--- Data to examine Enclosed Below ---
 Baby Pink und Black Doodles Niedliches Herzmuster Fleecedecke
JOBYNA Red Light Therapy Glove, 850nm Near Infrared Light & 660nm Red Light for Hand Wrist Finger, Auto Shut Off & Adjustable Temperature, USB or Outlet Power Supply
--- End of Enclosed Data to examine ---
--- Data to examine Enclosed Below ---
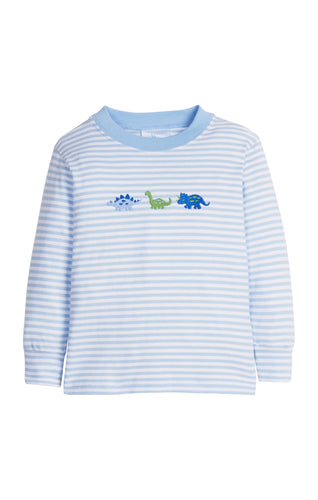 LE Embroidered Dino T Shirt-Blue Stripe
--- End of Enclosed Data to examine ---
--- Data to examine Enclosed Below ---
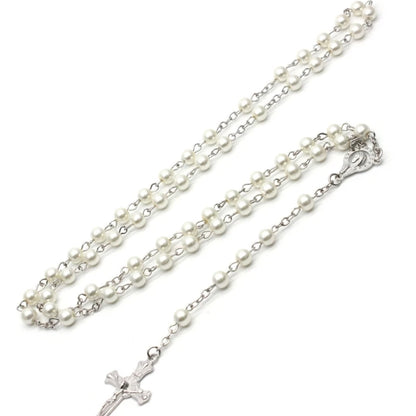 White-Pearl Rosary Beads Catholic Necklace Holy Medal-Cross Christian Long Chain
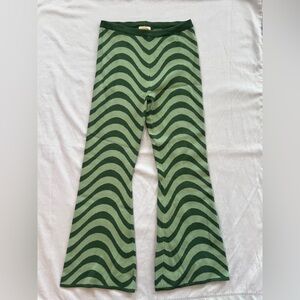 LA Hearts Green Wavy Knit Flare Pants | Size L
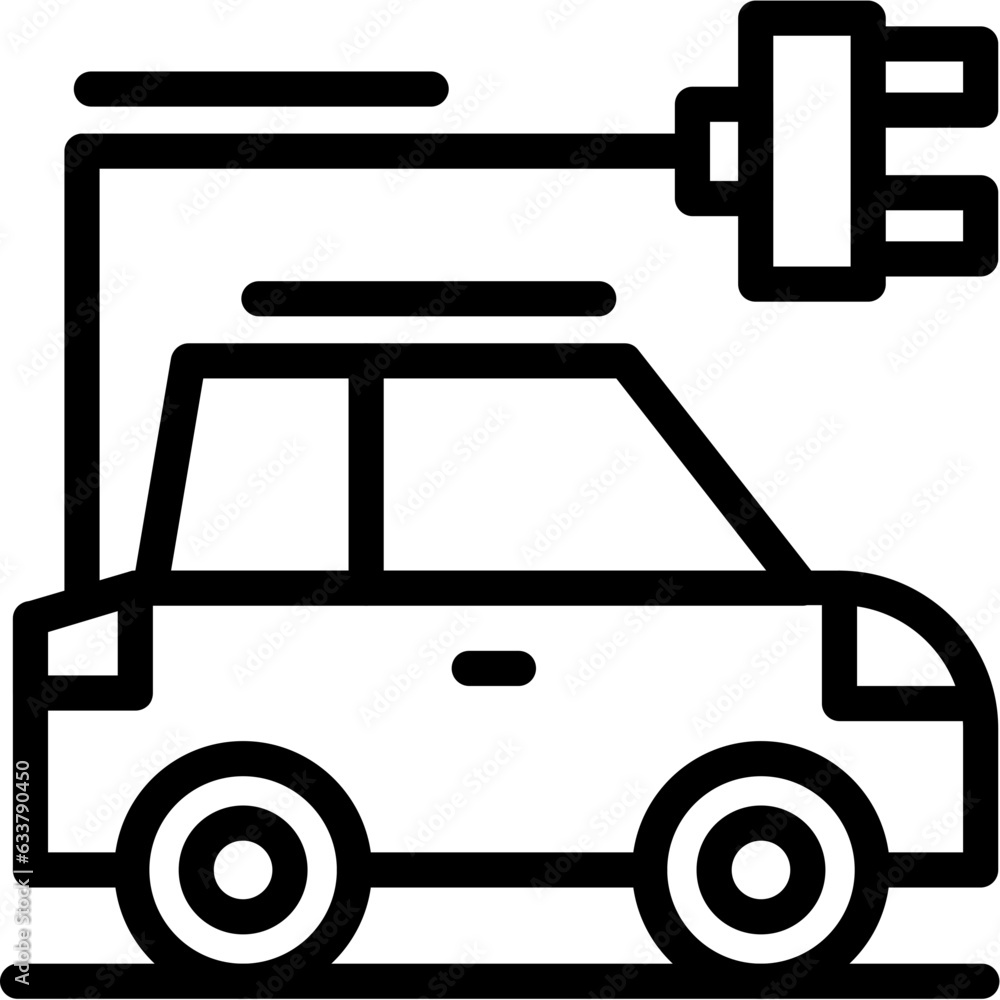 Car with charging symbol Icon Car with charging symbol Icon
--- End of Enclosed Data to examine ---
▶ _Assignment_
Using the records above, set down exactly the lines from the one with "Baby Pink und" through the one with "JOBYNA Red Light", inclusive, and nothing more.

▶ _Reply_
 Baby Pink und Black Doodles Niedliches Herzmuster Fleecedecke
JOBYNA Red Light Therapy Glove, 850nm Near Infrared Light & 660nm Red Light for Hand Wrist Finger, Auto Shut Off & Adjustable Temperature, USB or Outlet Power Supply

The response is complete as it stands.